I describe in the book the broader phenomenon I call “soft fraud” in which the black-and-white defrauding of federal and state governments morphs into grayer shades of everyday medical practices that unethically pad the bills of doctors and hospitals across America.
Good doctors are rightfully embarrassed that their profession has been tainted by unethical medical practices like…
Over a million arthroscopic surgeries performed every year in America on arthritic knees – despite the surgical society finding no value in these surgeries several years ago;
Spinal fusion surgeries that vary by twenty-fold in various parts of the country – according to the esteemed research out of the Dartmouth Atlas Project; and
Physicians referring patients to facilities and services in which they have ownership interests – a practice shown to increase costs for these services by up to 7 1/2 times.
These are rip-offs, plain and simple. And often very dangerous rip-offs that steal more than money from their victims.
They may not always cross the line into what we currently define as illegal, but they clearly violate medical codes of ethics. And their consequences can prove far more harmful than those of most of the illegal fraud activity in America.

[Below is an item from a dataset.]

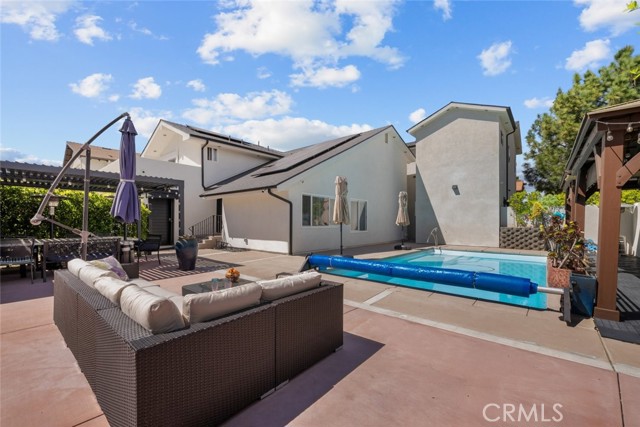 22835 Styles Street, Woodland Hills CA: https://media.crmls.org/medias/9777e962-19a8-4cd6-9a81-332d8cd5e4f8.jpg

So it’s not a shade better than illegal fraud activity – it’s often far worse despite not being “illegal” (though it should be). For this reason, I lump them together as “medical corruption” – and I’m not the first to conclude that medical research, and too often medical practice, in America has been corrupted by commercial interests and outright greed.

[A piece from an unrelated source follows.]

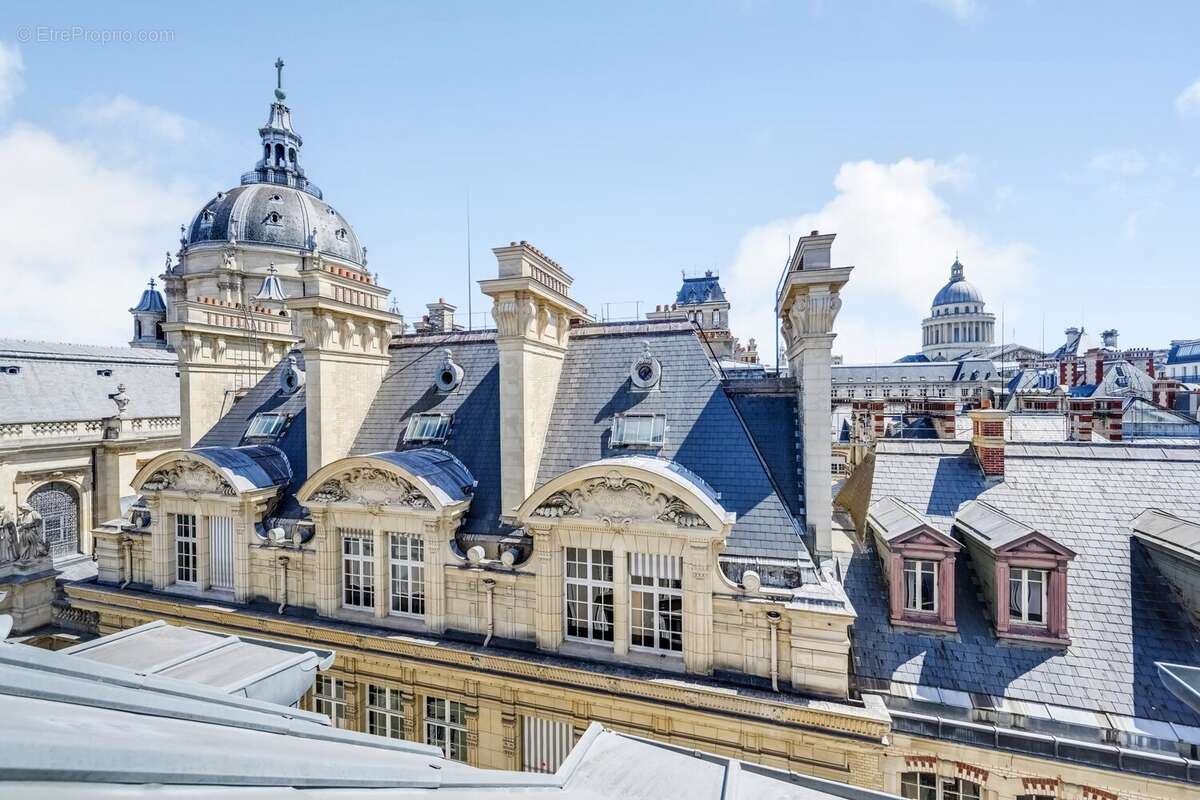 Studio de 24m2 avec vue Panthéon – Sectorisation Lycée Henri-IV - photo 5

But don’t just take my word for it. The following brief video features one such learned voice in the wilderness of medical profiteering, Dr. Walter Bortz of the Stanford University School of Medicine.
The Exceptions Are A Dying Breed
Now, is it all doctors? Of course not. And the ones who might stumble upon this post and bother to read it are likely to be among the exceptions.

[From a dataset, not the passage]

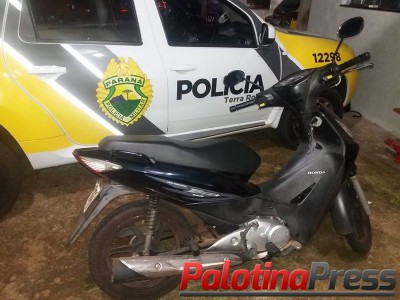 Polícia Militar de Terra Roxa, após atender roubo a residência, recupera motoneta roubada.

It’s a pretty safe bet that doctors who follow me on Twitter, for example, aren’t guilty of such unethical behaviors. The ones who “unfollow” – and there have been a handful out of a couple hundred who do – probably aren’t guilty of it either.
More likely, they’re just uncomfortable with what they perceive as my heavy-handed approach to the problem.
I make no apologies for this – because it’s not just a problem. It’s a crisis. Not some trumped up crisis like the bogus “fiscal cliff” fiasco we just endured, or the contrived debt ceiling crisis now unfolding (again).
Not even the very real crisis of global warming/climate change compares. For all its seriousness, this pales in comparison to the immediate and life-threatening effects of medical corruption and malfeasance that’s responsible for more American deaths every year than any terrorist group.
This is no context for measured language – leave that for the politicians and the academics.
It’s an alarm that needs sounding. And alarms are meant to be shrill.